Wednesday, April 13, 2011

Getting Smarter, but Getting Dumber

This weekend, I incorrectly identified Quiet Riot when "Cum On Feel the Noize" came on the radio.

If you know me at all, that was mortifying.  I pride myself on my encyclopedic knowledge of rock'n'roll and pop culture in general.  I never lose Trivial Pursuit (except that one time, but they got me absolutely shmammered beforehand to handicap the whole game), I can usually tell you not only who sang a song but what year it came out, and possibly even what the name of the album was.  I am a rock'n'roll idiot savant.  Fortunately, I only said it to my husband - there were no other witnesses.  Of course, now I'm telling you, but there's a point to this.  I am losing vital knowledge that I've had tucked up inside my head for at least a decade or two.

The trade-off is: I can factor the shit out of just about any trinomial you throw at me right now.  I can factor their fucking faces off.

Is this a worthwhile trade-off?  Until May 11th, it is.  Until I finish the very last question on my algebra final, it's just fine with me.

Once, years ago, my grandparents went to the doctor because my grandmother was having difficulty with her memory.  The doctor told her that your memory is like a box: it can only hold so many marbles (memories) at a time.  When you add new marbles, older marbles might be forced out of the box to make room for these new ones.  (My granddad tells this story 100% to get to the punchline, which is: "Doctor, are you telling me my wife is losing her marbles?"  It seemed wrong to tell the story and not give you the punchline, so there it is.)

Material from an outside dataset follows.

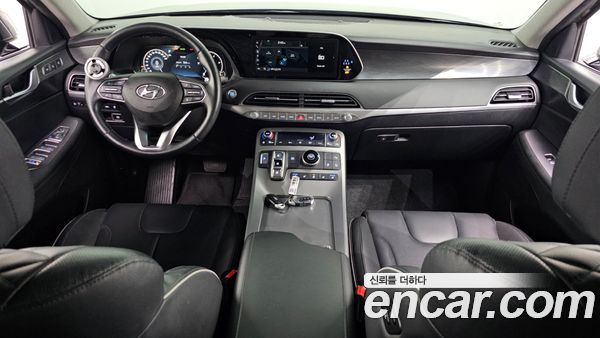 Hyundai Palisade 2022, фото 7
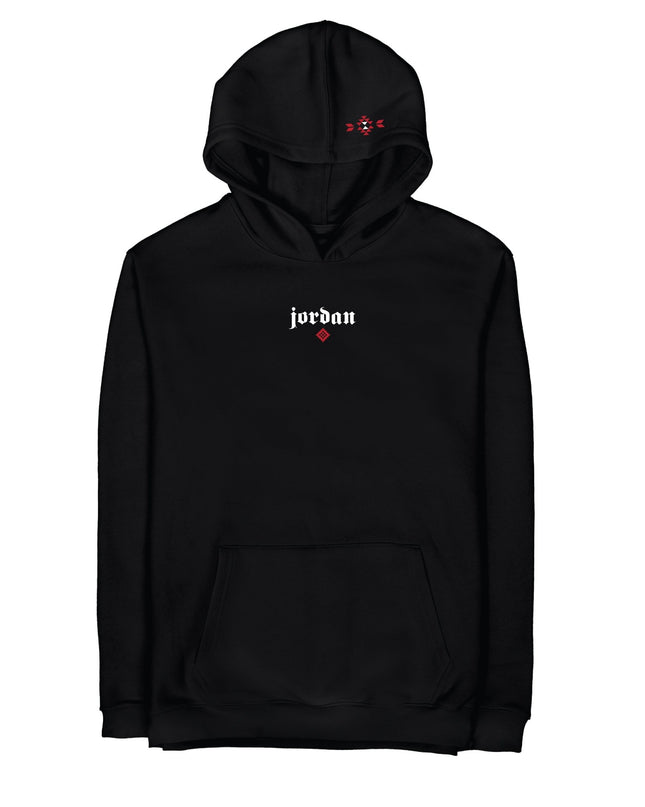 Jordan Spirit | Graphic SuperBasic Premium Hoodies - Graphic SuperBasic Premium Hoodies - Jobedu Jordan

I have no problem shoving the rock'n'roll marbles out of the box for the moment.  Or memories of the third grade.  I can part with those, too.  Also, lines to movies that are not very funny, and/or are hackneyed or cliched.  Like lines from Top Gun.  I'd like to keep the funny ones, however.  The name of my kindergarten teacher.  That can go.  I would like to remember the dog I had when I was a kid, though, that would be good.  The entirety of the eighth grade.  That was pretty much useless.  Also, all the words to Young MC's "Bust A Move."  (And ZOMG, I just had to Google who sang "Bust A Move."  Please let this semester end so that I can go back to being myself again, full of completely irrelevant trivia.)  Any and all football stats pertaining to the Houston Texans.  Those are worth approximately less than nothing.

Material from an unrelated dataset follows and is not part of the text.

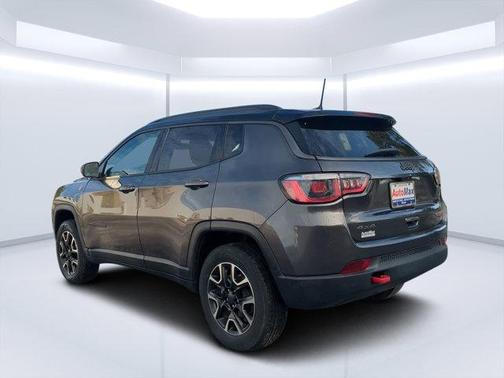 2020 Jeep Compass Trailhawk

Brains should be more like iPods.  Just as I can go into my iPod and realize that I haven't listened to that one Aberfeldy song in the last six months and delete it to make room for the new Allison Krauss , I should be able to go into my memory, realize that the last time I accessed my phone number from my junior year in high school was 1999 and make some room on the hard drive by deleting it.  Anything I haven't thought about since approximately 2001, you're up for possible deletion.  Including my second grade best friend's middle name.  And her address.  And her phone number.  All of which I can tell you right now.  (See?  That line from Pee Wee's Big Adventure that you're thinking of right now?  That can go too.)

I need space for algebra, history, accounting, philosophy, probably some sort of science.  Any and all embarrassing memories can go.  That thing that makes me blush to think about it now, fifteen years later?  Don't remember it.  It never happened.

Instead, with my luck, I'll end up forgetting something important to make room for the new stuff.  Like the PIN for my debit card.  Or my kids' birthdays.  Or the password to my e-mail.  Something that will really affect my daily life.  But while my kids hate me, I can't access my e-mail or get any cash, I'll still be able to sing all the words to "The Humpty Dance."  Don't hate.